[Goal of the exercise] Every line from the one containing "Metal Antique Chinese" through the end of the data is to be copied exactly, and nothing outside that range.

[Records provided]
::::
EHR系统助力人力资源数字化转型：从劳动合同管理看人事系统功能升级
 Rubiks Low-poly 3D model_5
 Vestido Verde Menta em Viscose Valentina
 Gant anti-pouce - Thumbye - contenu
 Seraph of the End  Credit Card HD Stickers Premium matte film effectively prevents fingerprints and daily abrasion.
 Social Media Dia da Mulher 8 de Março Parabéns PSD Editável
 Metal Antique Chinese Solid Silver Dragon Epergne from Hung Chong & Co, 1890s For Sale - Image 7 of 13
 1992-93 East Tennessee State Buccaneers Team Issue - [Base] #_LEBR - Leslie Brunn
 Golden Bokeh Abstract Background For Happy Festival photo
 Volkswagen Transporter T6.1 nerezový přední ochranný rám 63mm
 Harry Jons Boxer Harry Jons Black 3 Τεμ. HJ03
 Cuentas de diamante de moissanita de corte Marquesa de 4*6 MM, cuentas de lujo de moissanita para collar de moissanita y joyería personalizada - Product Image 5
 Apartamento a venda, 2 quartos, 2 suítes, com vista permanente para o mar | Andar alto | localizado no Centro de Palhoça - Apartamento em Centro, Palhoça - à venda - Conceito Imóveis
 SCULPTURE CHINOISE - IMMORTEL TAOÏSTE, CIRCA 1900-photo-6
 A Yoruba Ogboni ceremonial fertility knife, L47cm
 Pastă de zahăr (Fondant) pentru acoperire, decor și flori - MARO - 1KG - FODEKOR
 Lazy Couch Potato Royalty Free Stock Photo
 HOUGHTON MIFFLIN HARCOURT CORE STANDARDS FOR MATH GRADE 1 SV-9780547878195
::::
[Response below]
 Metal Antique Chinese Solid Silver Dragon Epergne from Hung Chong & Co, 1890s For Sale - Image 7 of 13
 1992-93 East Tennessee State Buccaneers Team Issue - [Base] #_LEBR - Leslie Brunn
 Golden Bokeh Abstract Background For Happy Festival photo
 Volkswagen Transporter T6.1 nerezový přední ochranný rám 63mm
 Harry Jons Boxer Harry Jons Black 3 Τεμ. HJ03
 Cuentas de diamante de moissanita de corte Marquesa de 4*6 MM, cuentas de lujo de moissanita para collar de moissanita y joyería personalizada - Product Image 5
 Apartamento a venda, 2 quartos, 2 suítes, com vista permanente para o mar | Andar alto | localizado no Centro de Palhoça - Apartamento em Centro, Palhoça - à venda - Conceito Imóveis
 SCULPTURE CHINOISE - IMMORTEL TAOÏSTE, CIRCA 1900-photo-6
 A Yoruba Ogboni ceremonial fertility knife, L47cm
 Pastă de zahăr (Fondant) pentru acoperire, decor și flori - MARO - 1KG - FODEKOR
 Lazy Couch Potato Royalty Free Stock Photo
 HOUGHTON MIFFLIN HARCOURT CORE STANDARDS FOR MATH GRADE 1 SV-9780547878195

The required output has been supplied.